Simulate Logistic Regression Data in R
Introduction
Simulation can be a great way to understand an empirical quantitative problem. In this post, let’s see how we can generate binary (dummy) outcome variables for logistic regression. A binary variable is only made of zeros and ones.
To simulate binary data, we follow three main steps
- Build a linear model
- Transform the outcome of the model into probabilities
- From the probabilities, draw binary data (from a binomial distribution)
The Model
Imagine that we want to simulate the probability of getting a job. This is our outcome variable.
We will build the following simple model: getting a job is affected by education (\(e\)) and discrimination (\(d\)). In this model, education and discrimination are uncorrelated.
We simulate this DAG with a simple linear model
\begin{equation} \gamma_{i} = \beta_{1} e_{i} + \beta_{2} d_{i} + \epsilon_{i} \end{equation}
Let Education (\(e\)) be a standardised normal variable and Discrimination (\(d\)) a binary variable indicating if the person belongs to group \(D\). Let’s generate group membership with a binomial distribution, with 50% of chances of belonging to group \(D\).
library(tidyverse)
N=500
education = rnorm(N,0,1)
d = rbinom(N, 1, 0.5)
Let’s give the following values to \(\beta_{1}\) and \(\beta_{2}\)
\begin{equation} \gamma_{i} = ( 1.5 \cdot e_{i}) - (2 \cdot d_{i}) + \epsilon_{i} \end{equation}
Education increases the chances of getting a job, while discrimination reduces the chances of getting a job.
Let’s include an error term to the equation
error = rnorm(N) # random error term
y = 1.5*education + (-2*d) + error
We can now transform this outcome \(y\) (which we conceive being on a logit scale), into a probability, which we call \(\pi_{i}\), using the following transformation.

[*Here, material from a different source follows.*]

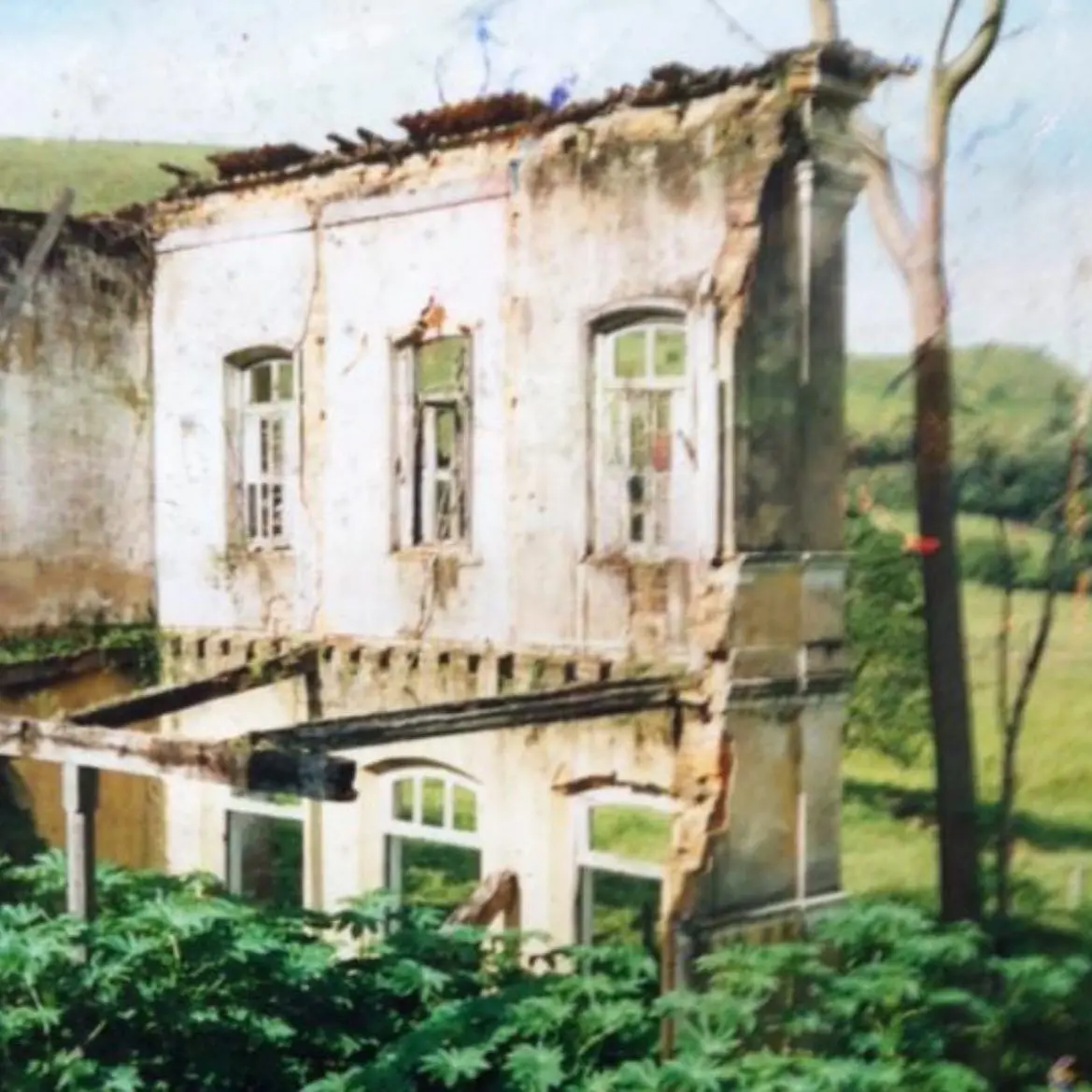 Registro do casarão da Fazenda Neuchatel ainda em ruínas, antes do restauro do Projeto Fênix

\begin{equation} \pi_{i} = \frac{1}{1 + \text{exp}^{-\gamma_{i}} } \end{equation}
Which is the same equation as
\begin{equation} \pi_{i} = \frac{\text{exp}^{\gamma_{i}} }{1 + \text{exp}^{\gamma_{i}} } \end{equation}
Note that this is the standard logistic model
\begin{equation} \pi_{i} = \frac{1}{1 + \text{exp}^{- \mathbf{X\beta}} } \end{equation}
The logistic transformation is not the only transformation possible to turn values into probabilities (e.g. arcsine transformation).
Generate Probabilities
The function plogis
is the logistic equation shown above
y_proba = plogis(y)
We now have a probability for each row, each case / individual, that is a function of education and discrimination.
The logistic transformation transform the values we generated from our model (which we takes as being log-odds) into probabilities. Note that probabilities are bounded \([0,1]\) while our log-odds (“logit values”) goes from minus infinity to infinity, \([- \infty, \infty]\)

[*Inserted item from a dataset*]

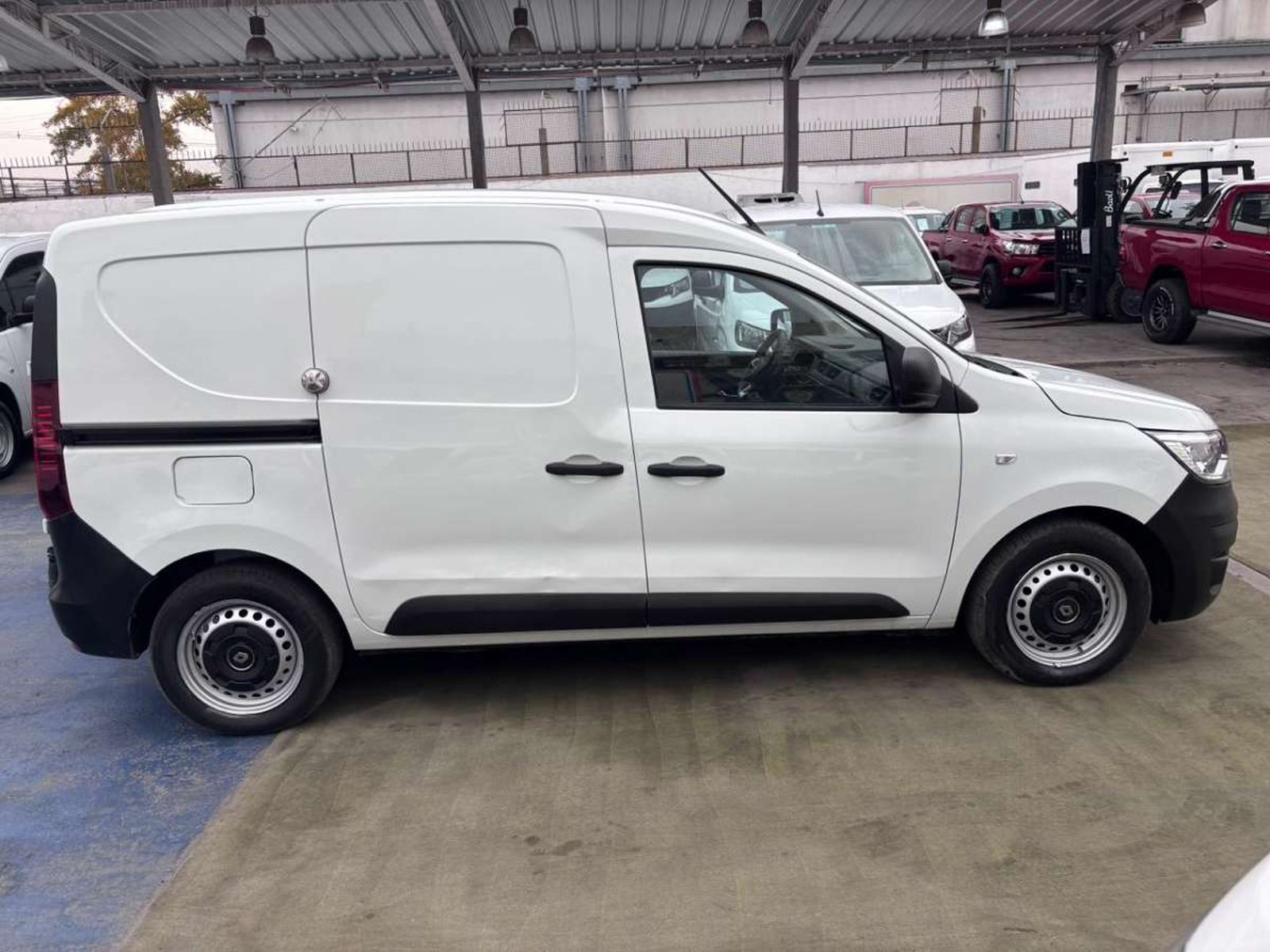 Renault EXPRESS 1.5 2023 - Foto 4 de 10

You can generate this plot with the following code
logit_scale = seq(-6, 6, by = 0.1)
plot(plogis(logit_values), logit_scale, xlab = 'probabilities', type = 'n')
lines(plogis(logit_values), logit_scale)
Generate Binary Outcome
Let’s now finally generate the binary outcome for the logistic regression.
We use the R function rbinom
generate data based on the Binomial distribution.
y_dummy = rbinom(n = N, size = 1, prob = y_proba)
The function rbinom
generates 0 and 1 based on the probabilities that we input (y_proba
). For instance, a case/row/individual with a probability of 0.5 means that it has 50% of getting either 0 or 1.
We now have a dummy variable we can use to test a logistic regression model. Let’s put everything into a dataset.
df_sim = data.frame(id = 1:N, education, d, y, y_proba, y_dummy)
The dataset looks like this (you will have different values)
\[\begin{aligned}[ht] \begin{array}{rrrrrrr} \hline & id & education & d & y & y\_proba & y\_dummy \\ \hline 1 & 1 & -1.18 & 0 & -0.46 & 0.39 & 0 \\ 2 & 2 & 0.28 & 1 & -1.19 & 0.23 & 0 \\ 3 & 3 & 1.16 & 1 & 0.05 & 0.51 & 1 \\ 4 & 4 & 0.96 & 0 & -0.51 & 0.37 & 0 \\ 5 & 5 & -1.24 & 0 & -0.42 & 0.40 & 0 \\ 6 & 6 & 0.53 & 1 & -3.65 & 0.03 & 0 \\ ... & ... & ... & ... & ... & ... & ... \\ \hline \end{array} \end{aligned}\]Logistic Regression
Finally we can run a logistic regression on the simulated dataset
glm_model1 = glm(y_dummy ~ education + d, data = df_sim, family = 'binomial')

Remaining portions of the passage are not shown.